Problem: Look through the entries for the string "product", and copy each line that holds it.

Saved data entries
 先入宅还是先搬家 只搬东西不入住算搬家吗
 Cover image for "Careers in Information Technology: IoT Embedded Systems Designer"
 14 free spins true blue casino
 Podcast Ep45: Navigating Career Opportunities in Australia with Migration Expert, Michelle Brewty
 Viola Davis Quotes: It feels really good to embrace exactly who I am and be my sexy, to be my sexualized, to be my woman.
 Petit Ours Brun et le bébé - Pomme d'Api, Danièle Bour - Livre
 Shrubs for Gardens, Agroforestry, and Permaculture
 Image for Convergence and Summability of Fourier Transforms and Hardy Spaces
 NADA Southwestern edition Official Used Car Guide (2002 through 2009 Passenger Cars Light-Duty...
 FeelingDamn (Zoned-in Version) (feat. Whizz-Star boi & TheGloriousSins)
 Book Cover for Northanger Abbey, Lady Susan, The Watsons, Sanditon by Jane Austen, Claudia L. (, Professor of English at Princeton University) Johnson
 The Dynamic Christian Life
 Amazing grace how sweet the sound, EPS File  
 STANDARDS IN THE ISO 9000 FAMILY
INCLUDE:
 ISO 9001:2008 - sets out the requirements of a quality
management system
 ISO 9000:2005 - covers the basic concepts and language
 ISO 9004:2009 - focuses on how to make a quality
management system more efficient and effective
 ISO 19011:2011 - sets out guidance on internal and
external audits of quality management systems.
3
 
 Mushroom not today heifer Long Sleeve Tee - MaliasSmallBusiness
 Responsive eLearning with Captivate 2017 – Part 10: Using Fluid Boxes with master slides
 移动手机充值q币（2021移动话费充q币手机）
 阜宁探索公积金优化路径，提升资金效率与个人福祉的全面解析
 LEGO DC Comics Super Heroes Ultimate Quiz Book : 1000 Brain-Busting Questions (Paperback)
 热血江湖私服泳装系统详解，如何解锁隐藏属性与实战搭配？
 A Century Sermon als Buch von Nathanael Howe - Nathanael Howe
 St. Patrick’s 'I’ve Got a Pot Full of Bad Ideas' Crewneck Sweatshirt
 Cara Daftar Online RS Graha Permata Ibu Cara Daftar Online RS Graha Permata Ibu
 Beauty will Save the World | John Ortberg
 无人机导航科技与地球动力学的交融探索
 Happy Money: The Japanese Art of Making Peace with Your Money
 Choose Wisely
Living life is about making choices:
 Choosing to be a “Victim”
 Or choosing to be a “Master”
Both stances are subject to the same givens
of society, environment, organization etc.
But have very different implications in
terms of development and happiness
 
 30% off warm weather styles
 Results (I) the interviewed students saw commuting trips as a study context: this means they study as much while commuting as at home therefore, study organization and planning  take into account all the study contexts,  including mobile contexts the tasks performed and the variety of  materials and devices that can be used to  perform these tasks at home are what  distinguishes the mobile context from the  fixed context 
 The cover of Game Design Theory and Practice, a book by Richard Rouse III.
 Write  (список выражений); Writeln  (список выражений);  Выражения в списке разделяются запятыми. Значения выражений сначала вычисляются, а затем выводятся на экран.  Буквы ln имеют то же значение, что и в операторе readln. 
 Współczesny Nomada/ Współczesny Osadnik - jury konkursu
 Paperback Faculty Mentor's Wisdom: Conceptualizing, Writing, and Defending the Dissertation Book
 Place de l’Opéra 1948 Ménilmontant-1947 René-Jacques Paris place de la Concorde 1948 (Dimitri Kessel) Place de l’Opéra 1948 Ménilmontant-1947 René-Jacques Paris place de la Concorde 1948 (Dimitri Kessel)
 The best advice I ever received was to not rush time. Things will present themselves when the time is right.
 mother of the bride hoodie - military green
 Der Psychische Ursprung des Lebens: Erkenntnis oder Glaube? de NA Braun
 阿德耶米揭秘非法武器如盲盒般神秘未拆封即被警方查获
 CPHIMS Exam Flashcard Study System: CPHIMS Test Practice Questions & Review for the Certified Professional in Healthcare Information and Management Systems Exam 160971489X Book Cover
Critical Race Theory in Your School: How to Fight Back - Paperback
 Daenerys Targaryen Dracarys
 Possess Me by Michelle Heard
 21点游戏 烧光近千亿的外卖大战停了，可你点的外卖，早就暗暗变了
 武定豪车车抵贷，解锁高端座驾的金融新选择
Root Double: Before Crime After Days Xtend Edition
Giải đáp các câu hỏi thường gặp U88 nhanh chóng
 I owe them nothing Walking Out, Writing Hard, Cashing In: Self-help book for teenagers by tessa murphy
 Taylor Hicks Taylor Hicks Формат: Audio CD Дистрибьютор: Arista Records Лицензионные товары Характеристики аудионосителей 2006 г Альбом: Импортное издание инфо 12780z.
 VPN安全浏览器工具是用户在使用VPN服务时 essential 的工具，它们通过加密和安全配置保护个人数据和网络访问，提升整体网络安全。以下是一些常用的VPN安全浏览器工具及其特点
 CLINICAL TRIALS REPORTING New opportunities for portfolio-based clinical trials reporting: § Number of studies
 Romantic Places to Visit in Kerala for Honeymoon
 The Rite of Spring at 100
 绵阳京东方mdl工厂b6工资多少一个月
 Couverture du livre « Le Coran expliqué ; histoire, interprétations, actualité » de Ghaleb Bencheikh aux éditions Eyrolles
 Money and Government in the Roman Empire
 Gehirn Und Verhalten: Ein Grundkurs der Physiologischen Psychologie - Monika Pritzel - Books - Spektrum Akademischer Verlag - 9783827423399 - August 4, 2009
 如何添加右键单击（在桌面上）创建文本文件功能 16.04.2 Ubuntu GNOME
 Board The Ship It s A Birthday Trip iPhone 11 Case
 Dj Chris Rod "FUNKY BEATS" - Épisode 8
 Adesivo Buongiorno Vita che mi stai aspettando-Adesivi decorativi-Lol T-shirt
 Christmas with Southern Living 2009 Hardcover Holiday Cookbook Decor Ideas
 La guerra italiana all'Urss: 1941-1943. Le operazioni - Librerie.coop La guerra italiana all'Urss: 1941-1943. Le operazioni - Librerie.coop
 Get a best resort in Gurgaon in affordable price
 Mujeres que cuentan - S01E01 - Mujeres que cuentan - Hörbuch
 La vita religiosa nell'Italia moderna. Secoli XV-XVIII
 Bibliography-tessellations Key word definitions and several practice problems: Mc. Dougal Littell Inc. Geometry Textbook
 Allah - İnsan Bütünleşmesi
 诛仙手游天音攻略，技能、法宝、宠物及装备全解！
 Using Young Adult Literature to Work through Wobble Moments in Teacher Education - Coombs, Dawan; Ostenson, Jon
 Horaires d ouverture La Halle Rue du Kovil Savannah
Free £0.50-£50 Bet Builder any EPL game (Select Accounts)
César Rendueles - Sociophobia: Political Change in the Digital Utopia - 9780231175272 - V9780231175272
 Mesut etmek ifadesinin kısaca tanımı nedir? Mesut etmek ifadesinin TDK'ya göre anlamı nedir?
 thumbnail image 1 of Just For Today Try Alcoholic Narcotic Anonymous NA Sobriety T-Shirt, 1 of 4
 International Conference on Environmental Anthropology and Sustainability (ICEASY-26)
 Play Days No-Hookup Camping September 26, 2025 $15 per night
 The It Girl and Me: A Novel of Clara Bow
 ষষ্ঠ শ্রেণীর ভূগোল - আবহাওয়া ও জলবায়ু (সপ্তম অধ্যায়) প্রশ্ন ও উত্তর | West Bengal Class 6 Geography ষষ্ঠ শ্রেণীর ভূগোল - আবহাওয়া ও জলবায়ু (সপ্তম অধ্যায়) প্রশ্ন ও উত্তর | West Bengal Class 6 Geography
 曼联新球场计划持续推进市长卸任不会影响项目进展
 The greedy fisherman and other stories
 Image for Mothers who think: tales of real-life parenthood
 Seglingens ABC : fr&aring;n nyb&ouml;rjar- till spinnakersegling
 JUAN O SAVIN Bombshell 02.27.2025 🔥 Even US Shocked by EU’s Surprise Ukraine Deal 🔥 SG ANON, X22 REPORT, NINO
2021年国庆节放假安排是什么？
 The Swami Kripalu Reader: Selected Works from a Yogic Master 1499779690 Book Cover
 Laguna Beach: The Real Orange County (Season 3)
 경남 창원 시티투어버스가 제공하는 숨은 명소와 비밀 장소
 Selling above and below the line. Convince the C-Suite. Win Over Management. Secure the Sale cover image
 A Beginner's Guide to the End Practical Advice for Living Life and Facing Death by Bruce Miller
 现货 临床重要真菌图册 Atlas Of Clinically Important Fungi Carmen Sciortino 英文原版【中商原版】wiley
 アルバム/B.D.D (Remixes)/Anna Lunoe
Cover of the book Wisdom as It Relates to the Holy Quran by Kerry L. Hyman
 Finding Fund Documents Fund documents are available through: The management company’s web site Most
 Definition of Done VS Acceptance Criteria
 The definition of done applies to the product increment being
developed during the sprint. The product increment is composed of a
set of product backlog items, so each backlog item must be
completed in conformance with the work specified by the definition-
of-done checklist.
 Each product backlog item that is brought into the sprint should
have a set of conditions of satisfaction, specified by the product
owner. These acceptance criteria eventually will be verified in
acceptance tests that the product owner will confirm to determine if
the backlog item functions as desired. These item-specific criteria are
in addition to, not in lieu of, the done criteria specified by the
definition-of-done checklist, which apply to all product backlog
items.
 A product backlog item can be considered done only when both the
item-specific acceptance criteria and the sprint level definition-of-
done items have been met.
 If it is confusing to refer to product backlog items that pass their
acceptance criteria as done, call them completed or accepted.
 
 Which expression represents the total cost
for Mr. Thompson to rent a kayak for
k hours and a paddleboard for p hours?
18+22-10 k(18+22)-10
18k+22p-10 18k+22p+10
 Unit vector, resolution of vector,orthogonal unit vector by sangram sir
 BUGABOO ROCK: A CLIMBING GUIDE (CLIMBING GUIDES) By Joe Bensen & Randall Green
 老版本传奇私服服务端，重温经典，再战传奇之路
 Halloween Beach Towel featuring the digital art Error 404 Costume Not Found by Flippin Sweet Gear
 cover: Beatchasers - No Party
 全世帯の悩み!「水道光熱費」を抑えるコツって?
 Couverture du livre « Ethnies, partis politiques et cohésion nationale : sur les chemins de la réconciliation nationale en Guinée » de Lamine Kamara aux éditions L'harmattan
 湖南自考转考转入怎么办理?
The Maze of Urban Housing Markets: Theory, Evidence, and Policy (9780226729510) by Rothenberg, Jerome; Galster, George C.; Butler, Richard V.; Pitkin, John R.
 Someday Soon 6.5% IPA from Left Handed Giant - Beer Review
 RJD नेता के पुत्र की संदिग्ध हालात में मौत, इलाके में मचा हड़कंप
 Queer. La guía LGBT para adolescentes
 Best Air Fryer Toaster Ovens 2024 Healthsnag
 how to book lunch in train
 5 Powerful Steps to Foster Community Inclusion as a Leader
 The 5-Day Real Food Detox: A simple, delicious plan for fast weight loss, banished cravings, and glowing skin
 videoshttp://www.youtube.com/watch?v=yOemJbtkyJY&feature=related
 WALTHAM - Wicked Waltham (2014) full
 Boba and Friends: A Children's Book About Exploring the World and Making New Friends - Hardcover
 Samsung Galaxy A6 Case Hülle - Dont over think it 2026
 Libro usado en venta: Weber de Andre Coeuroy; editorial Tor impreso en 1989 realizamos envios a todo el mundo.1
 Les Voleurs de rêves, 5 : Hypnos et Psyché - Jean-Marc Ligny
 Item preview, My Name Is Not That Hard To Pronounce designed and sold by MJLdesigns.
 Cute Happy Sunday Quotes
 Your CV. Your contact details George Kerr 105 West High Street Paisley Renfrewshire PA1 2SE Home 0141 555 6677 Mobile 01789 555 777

Exercise output:
 The definition of done applies to the product increment being
developed during the sprint. The product increment is composed of a
set of product backlog items, so each backlog item must be
 Each product backlog item that is brought into the sprint should
have a set of conditions of satisfaction, specified by the product
acceptance tests that the product owner will confirm to determine if
definition-of-done checklist, which apply to all product backlog
 A product backlog item can be considered done only when both the
 If it is confusing to refer to product backlog items that pass their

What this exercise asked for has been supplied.